The forum has recently been taken over by Vertical Scope. The previous admin, alongside with the moderators, have all left.

I have no idea how to contact the new owners. Good luck.

@OwenCoughlan


----------



## Rhys (Dec 21, 2014)

MediumRoastSteam said:


> The forum has recently been taken over by Vertical Scope. The previous admin, alongside with the moderators, have all left.
> 
> I have no idea how to contact the new owners. Good luck.
> 
> @OwenCoughlan


 I didn't leave as admin/moderator. I was removed without anyone telling me... Not bothered, they can get on with it.


----------



## cuprajake (Mar 30, 2020)




----------



## MediumRoastSteam (Jul 7, 2015)

@Rhys - Ooops. Oh yeah, sorry, I forgot. I remember you mentioned on an earlier post. Congratulations on the new arrival btw 🙂 .

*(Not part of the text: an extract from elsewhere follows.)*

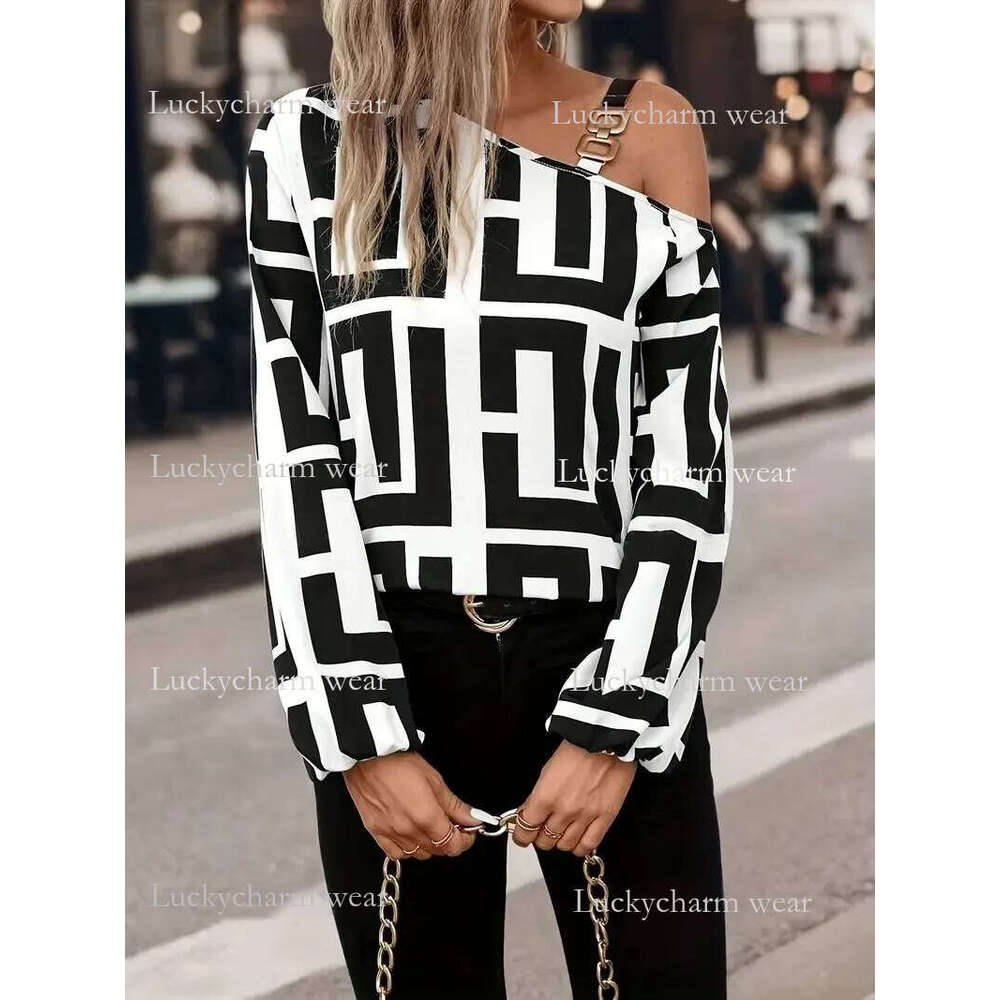 Elegant Geometric Printed Women's Blouse Spring 2025 New Product Slant Neck Off Shoulder Long Sleeve Hoodie Casual Shirt Ladies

Let's see what happens with this forum next in light of the new owners. Will they engage? Who knows.

Edit: If they are reading this... They should at least reach out to the OP! 🙂


----------



## cuprajake (Mar 30, 2020)

op old classifieds are still there though,

does seem strange that no one has been on/in touch


----------



## ratty (Sep 22, 2019)

Shitzenhousen!

Didn't know anything about this but not really been active for a while.


----------



## cuprajake (Mar 30, 2020)

id love to be a mod


----------



## Rhys (Dec 21, 2014)

Cuprajake said:


> id love to be a mod


 No, you wouldn't. There's lots of crap behind the scenes to do (mainly spam accounts). It's a pretty thankless task.


----------



## cuprajake (Mar 30, 2020)

my comedy is lost


----------